■ What is required
Would you transcribe the entries below, beginning at the line with "Skala löken och" and ending after the line with "bolas de helado", exactly, with no picture and nothing more?

■ Data extracts
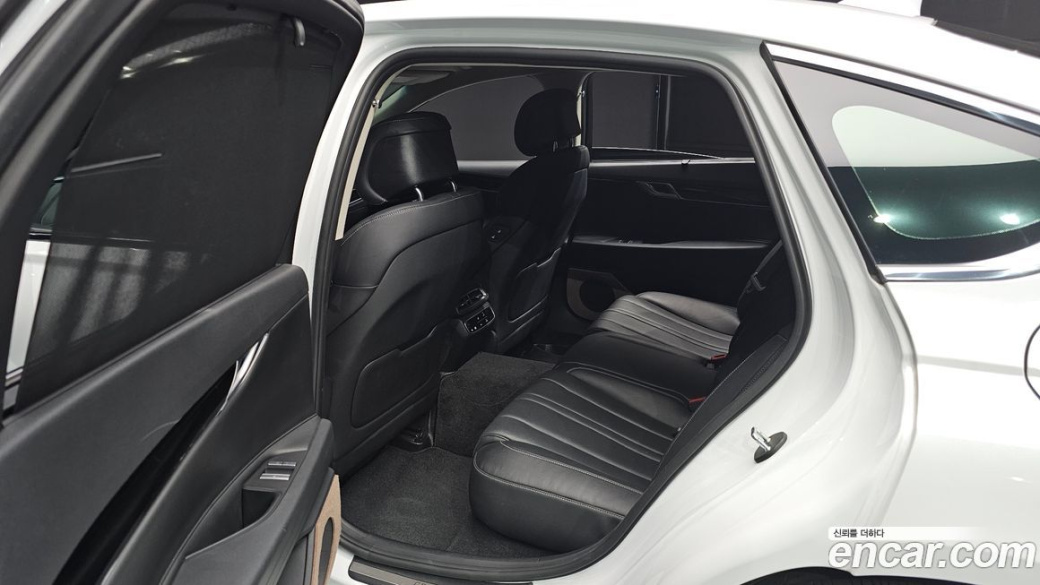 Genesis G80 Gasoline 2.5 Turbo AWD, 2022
...
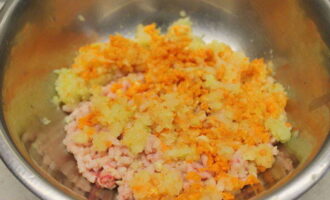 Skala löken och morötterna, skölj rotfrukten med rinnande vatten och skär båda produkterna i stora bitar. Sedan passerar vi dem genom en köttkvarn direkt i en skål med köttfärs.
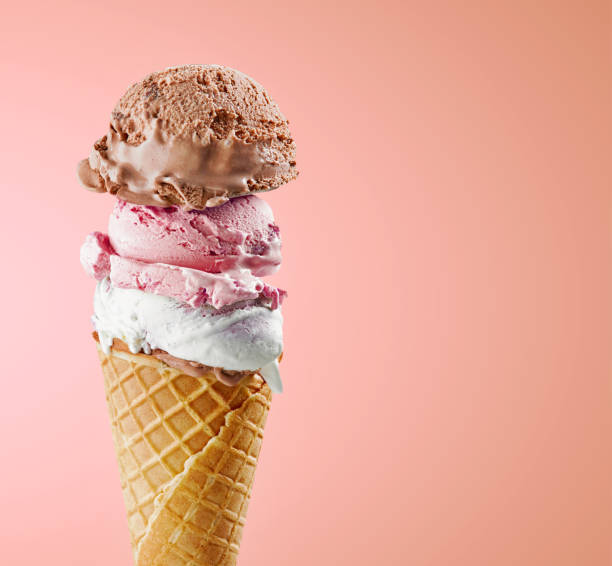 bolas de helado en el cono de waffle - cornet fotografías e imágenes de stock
--
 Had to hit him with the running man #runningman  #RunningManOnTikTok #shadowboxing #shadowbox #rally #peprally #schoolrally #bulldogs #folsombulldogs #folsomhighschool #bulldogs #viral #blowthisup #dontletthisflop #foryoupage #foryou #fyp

■ Exercise response
 Skala löken och morötterna, skölj rotfrukten med rinnande vatten och skär båda produkterna i stora bitar. Sedan passerar vi dem genom en köttkvarn direkt i en skål med köttfärs.
 bolas de helado en el cono de waffle - cornet fotografías e imágenes de stock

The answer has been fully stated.